Вдруг очень захотелось выпить кружку пива. Но это невозможно. Равноправие, конечно, великая вещь, но у нас не пускают по вечерам в рестораны одиноких женщин. Женщине неприлично курить на улице и стоять в очереди у пивной бочки… Господи, о чем я думаю? Разве я испытывала когда-нибудь желание путешествовать в одиночестве по ресторанам или ходить по улицам с сигаретой в зубах?

Почему мне так больно, когда я думаю, что у меня не будет детей? Каждого ребенка мне хочется погладить, и я с трудом удерживаю себя. Неудобно гладить чужих детей… Отец и мама. Наверное, они удивились бы, если бы узнали, как у их дочери сложилась жизнь. В юности ведь я была такой веселой девушкой, казалось — такие дали ждут меня впереди…

От выпитого у Зеленского коньяку было муторно и грустно на душе. «Сережа, — могла бы сказать она, — а что это за птаха чирикает там в листве? Ведь вы знаете все на свете…» Нет, ничего она не скажет ему.

Тогда, месяц назад, после того, как он ушел, она поехала к Майе. Они любили иногда встречаться с Майей вдвоем: пили кофе в маленькой, современно обставленной кухне, включив настенную лампу-бра с зеленым плафоном, разговаривали, вспоминали прошлое.

Майя тогда только что вымыла голову и сидела с замотанной мохнатым полотенцем головой, — толстая, домашняя, тихая, с распаренным, красным лицом. Желтый, чересчур короткий халатик еле сходился на ее массивной груди, видны были полные колени.

— Представляешь, ноги опять отекают, — пожаловалась она. — А с утра еле разлепляю глаза, и нет сил идти на работу. Старость.

— Но к вечеру ты оживаешь, — усмехнулась Светлана Николаевна. — Феникс.

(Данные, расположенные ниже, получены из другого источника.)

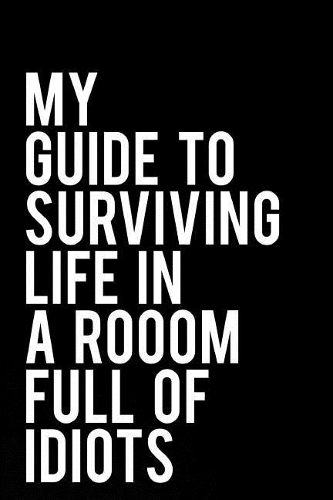 My Guide to Surviving Life in a Room Full of Idiots: 110-Page Funny Soft Cover Sarcastic Blank Lined Journal Makes Great Boss, Coworker or Manager Gift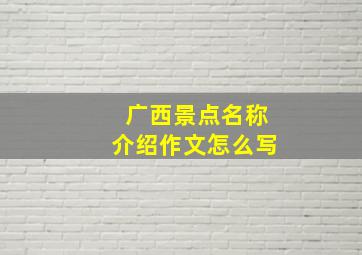 广西景点名称介绍作文怎么写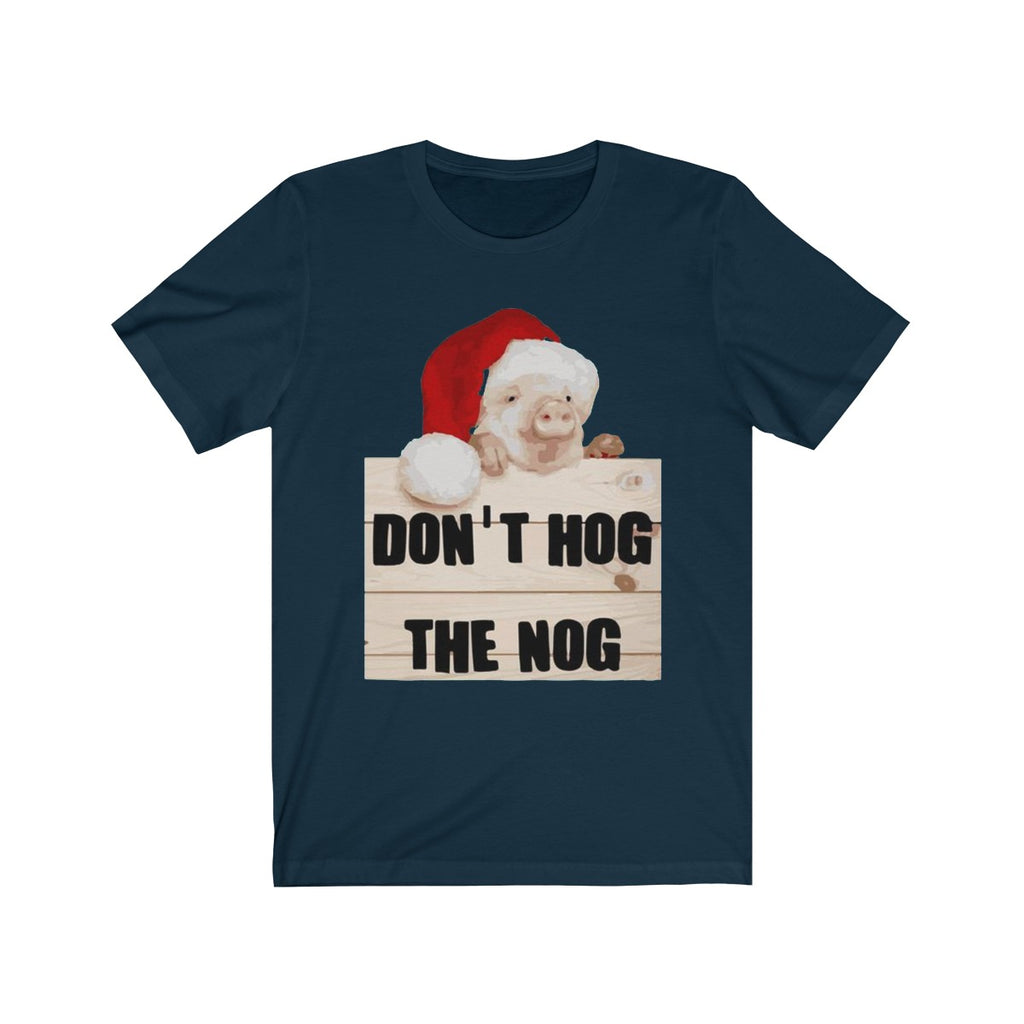 Don't Hog The Nog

Майя вдруг достала из шкафчика четвертинку, перелила водку в пузатый, хрустальный графинчик, выставила его на стол.

— За нас, — сказала Майя, подняв маленькую рюмку с прозрачной водкой. — За мужественных, неноющих одиноких баб. Выпьем, Светка! Мы должны поддерживать друг друга. Дружба — это единственное, что у нас осталось. У меня легион друзей.

— Это прекрасно, — улыбнулась Светлана Николаевна.

— Да, прекрасно, — горько сказала Майя. — Но живу-то я одна.

Они долго молчали и пили кофе из маленьких чашечек.

— Тебе легче, — сказала Майя, — ты нравишься Придорогину.

Она оживилась, она всегда оживлялась, устраивая чужое счастье. Она с аппетитом откусила кусок золотистого пирога с капустой, запила его глотком кофе.

— Сегодня я прогнала его, — сказала Светлана Николаевна.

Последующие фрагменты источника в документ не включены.